------ Available data

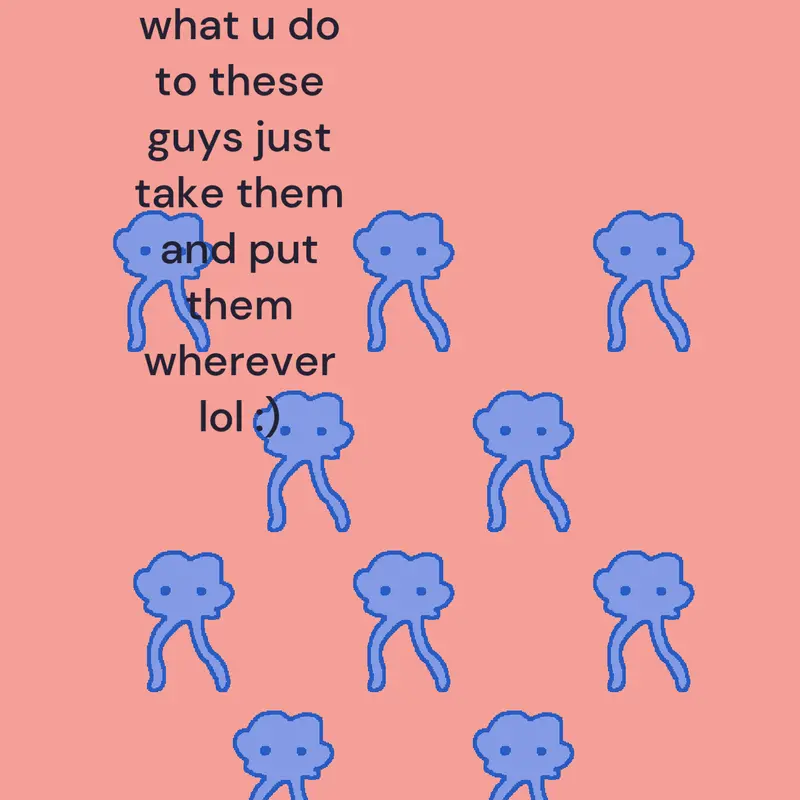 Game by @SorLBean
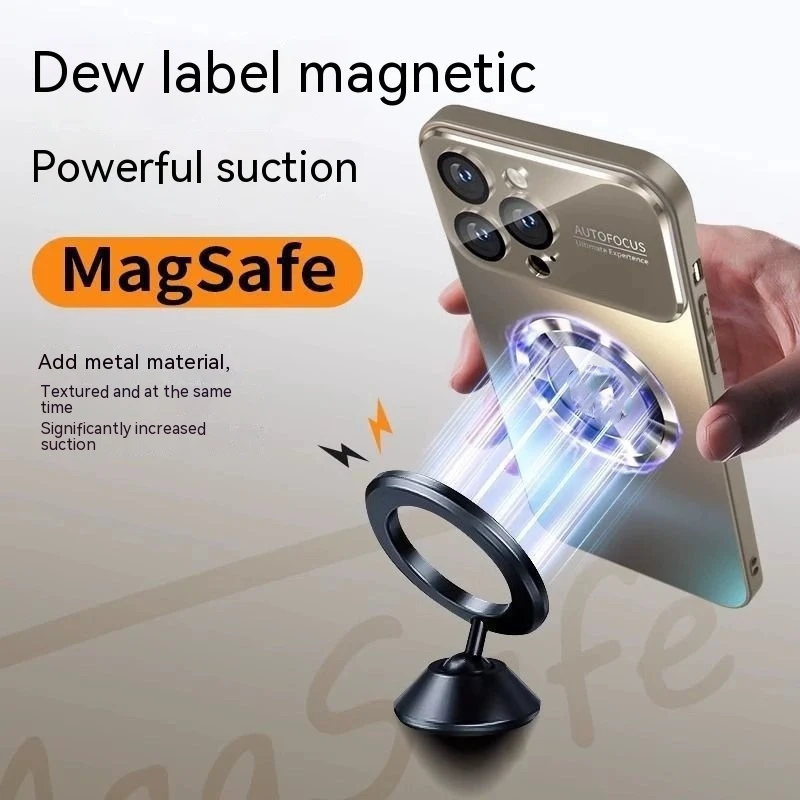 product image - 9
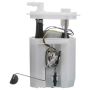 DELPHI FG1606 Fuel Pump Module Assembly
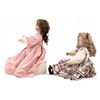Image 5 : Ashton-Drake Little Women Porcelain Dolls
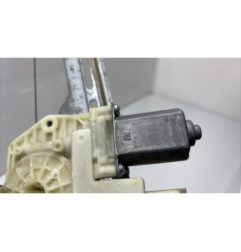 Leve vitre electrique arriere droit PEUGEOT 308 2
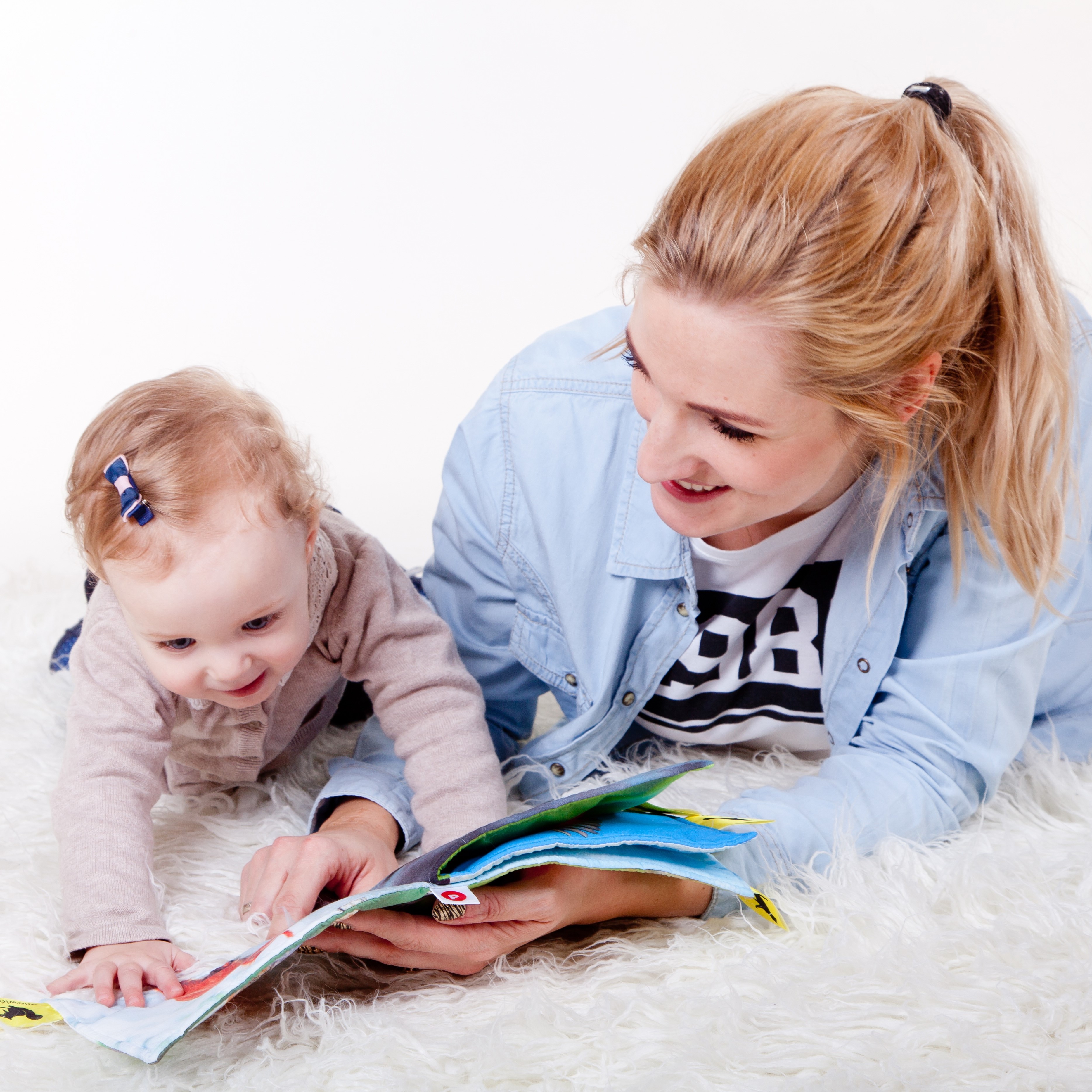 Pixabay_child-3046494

------------
------ Available data

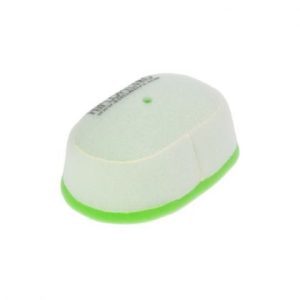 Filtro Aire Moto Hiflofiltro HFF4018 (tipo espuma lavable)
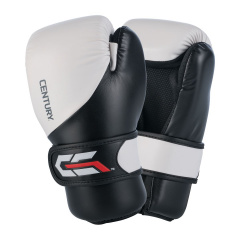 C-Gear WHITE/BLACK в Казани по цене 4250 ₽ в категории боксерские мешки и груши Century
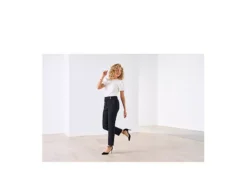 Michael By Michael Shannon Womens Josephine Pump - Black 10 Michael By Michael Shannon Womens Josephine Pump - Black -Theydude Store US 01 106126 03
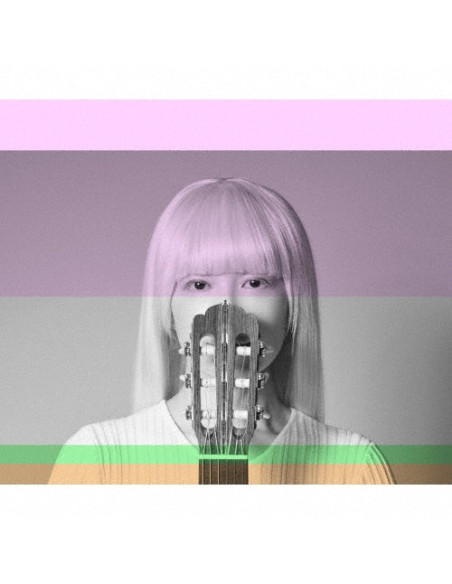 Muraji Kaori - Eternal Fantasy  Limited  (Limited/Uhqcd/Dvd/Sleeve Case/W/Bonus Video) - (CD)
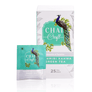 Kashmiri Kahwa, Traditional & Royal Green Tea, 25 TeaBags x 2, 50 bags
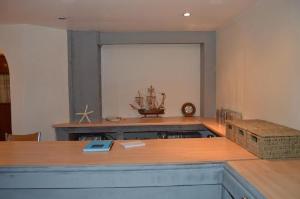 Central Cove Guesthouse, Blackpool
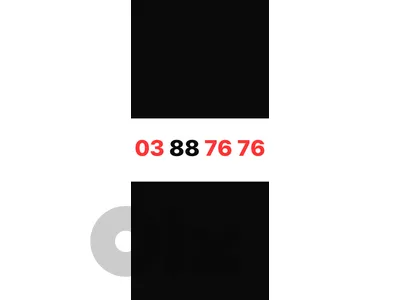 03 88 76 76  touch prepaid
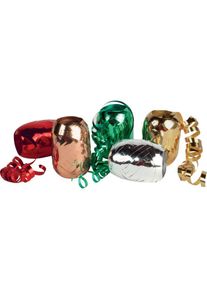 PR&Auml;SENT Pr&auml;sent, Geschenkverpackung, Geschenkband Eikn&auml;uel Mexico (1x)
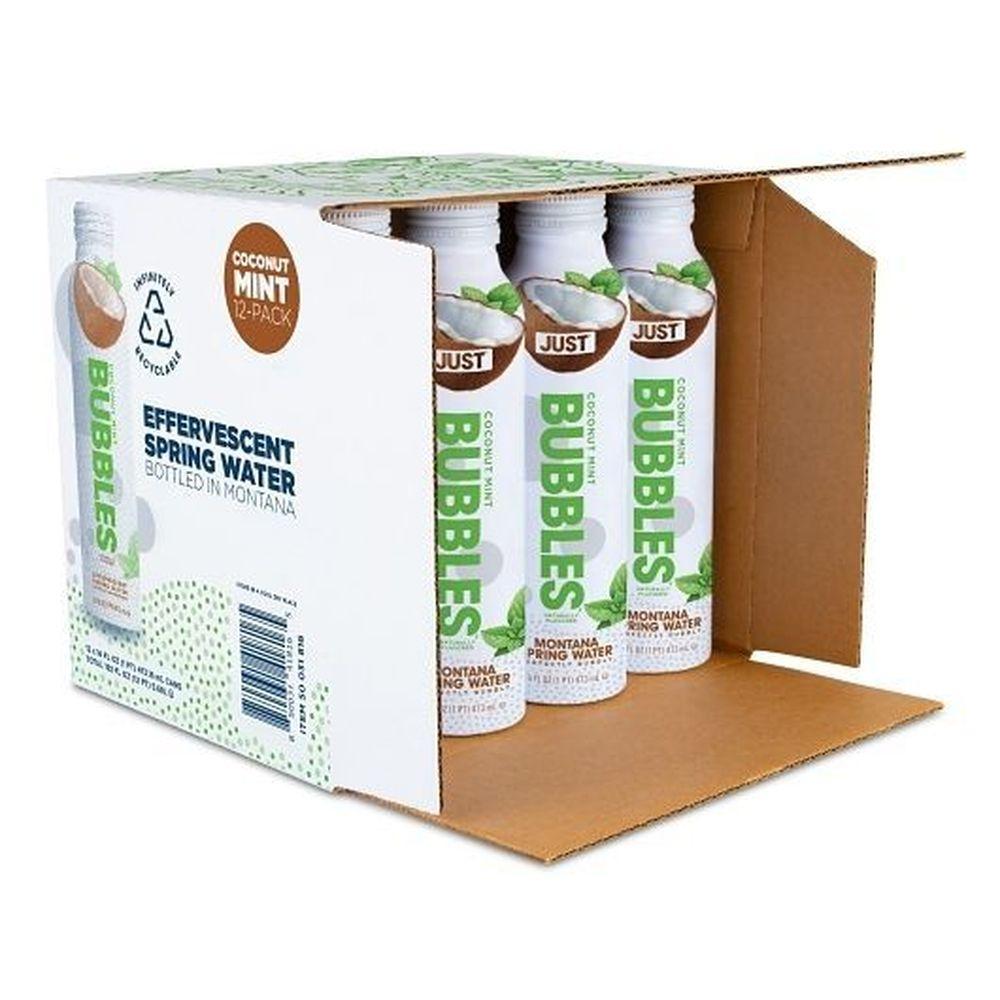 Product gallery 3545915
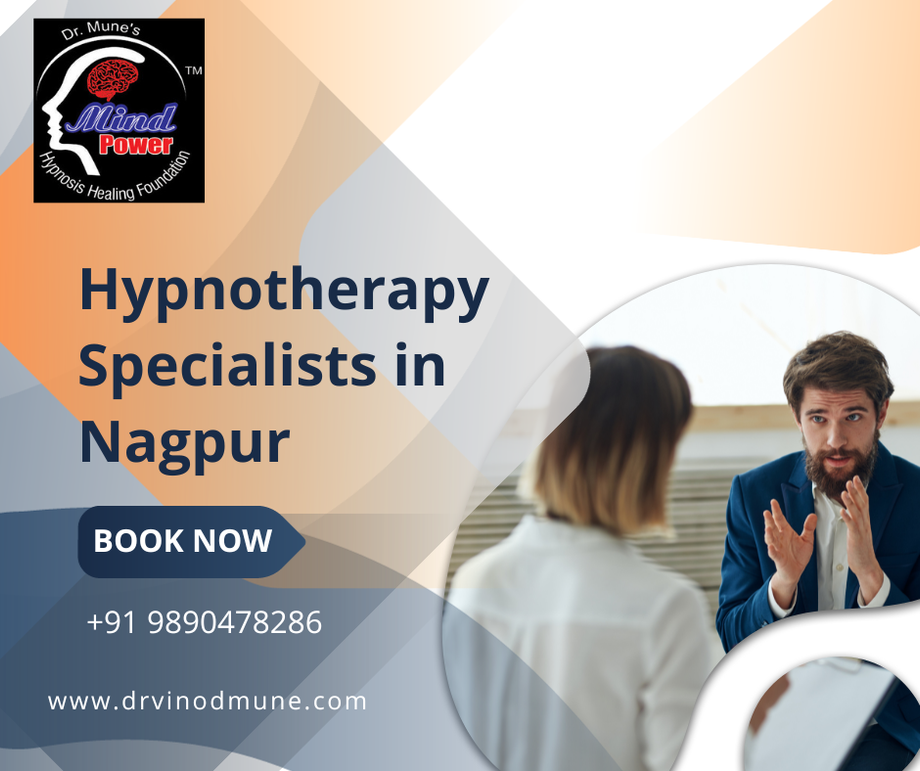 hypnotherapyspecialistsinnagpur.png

------------
------ Available data

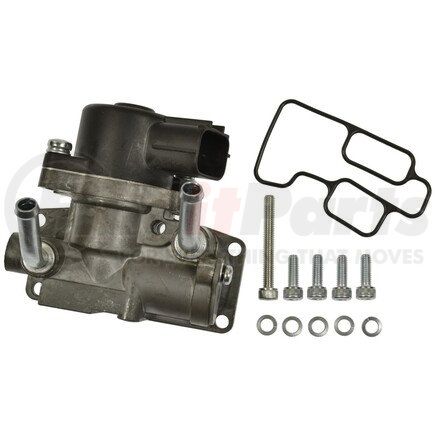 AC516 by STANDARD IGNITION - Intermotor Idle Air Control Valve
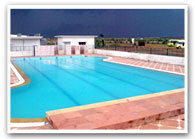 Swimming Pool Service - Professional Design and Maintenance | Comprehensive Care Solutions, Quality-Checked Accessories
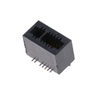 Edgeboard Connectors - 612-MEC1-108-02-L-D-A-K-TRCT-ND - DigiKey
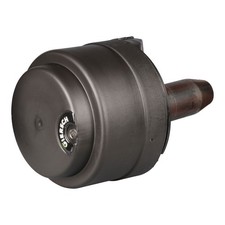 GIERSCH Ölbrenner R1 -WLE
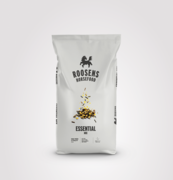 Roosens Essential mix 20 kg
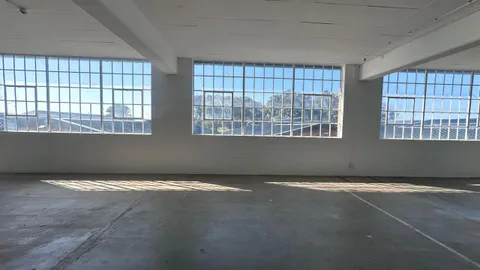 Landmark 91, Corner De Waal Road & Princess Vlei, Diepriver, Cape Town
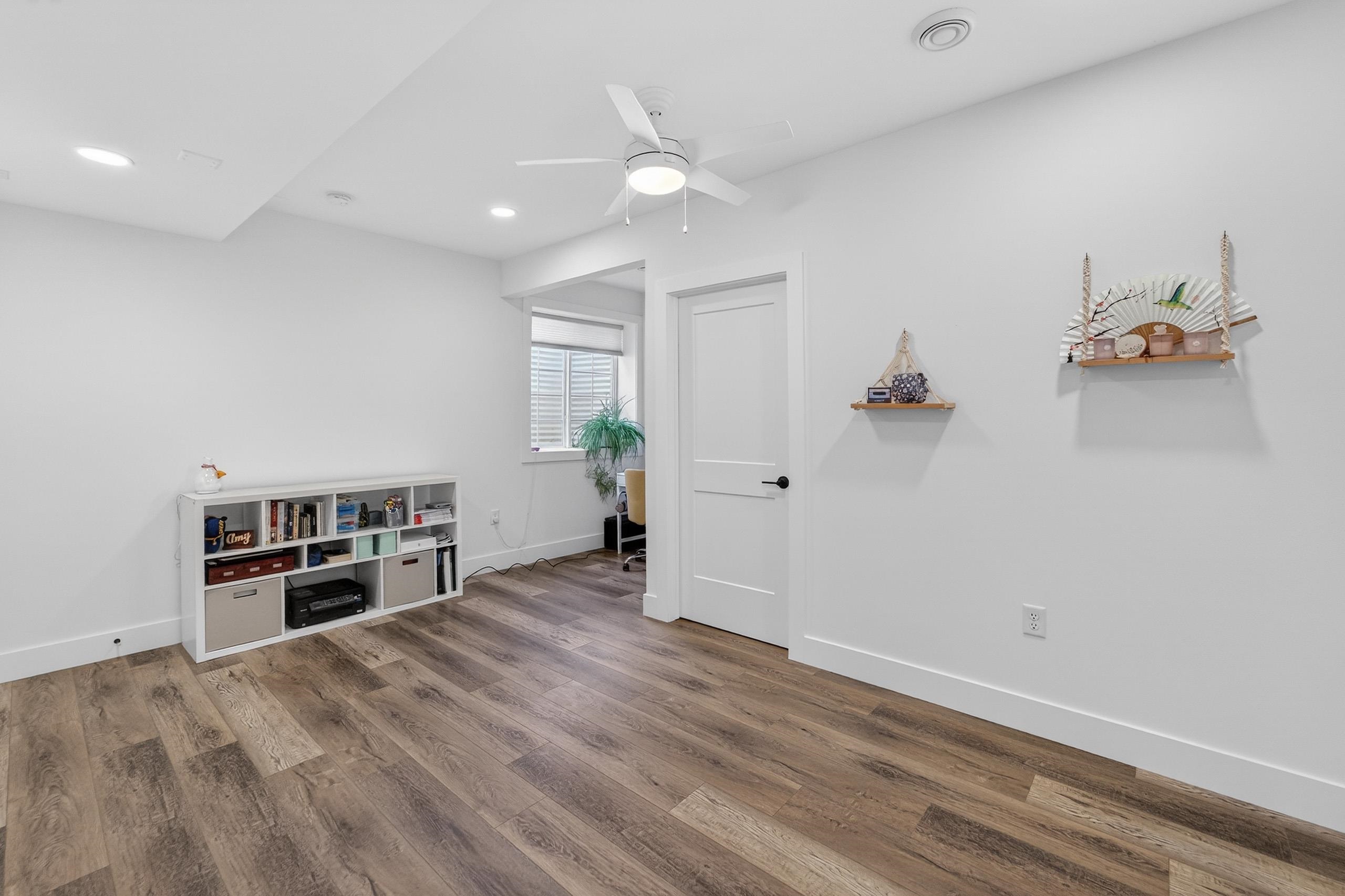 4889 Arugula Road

------------

▶ _Aim of the task_: In the records above, find the line with "Game by @SorLBean". Print exactly from there through the line with "Pixabay_child-3046494", minus the pictures.

▶ _Response for this exercise_:
 Game by @SorLBean
 product image - 9
 DELPHI FG1606 Fuel Pump Module Assembly
Image 5 : Ashton-Drake Little Women Porcelain Dolls
 Leve vitre electrique arriere droit PEUGEOT 308 2
 Pixabay_child-3046494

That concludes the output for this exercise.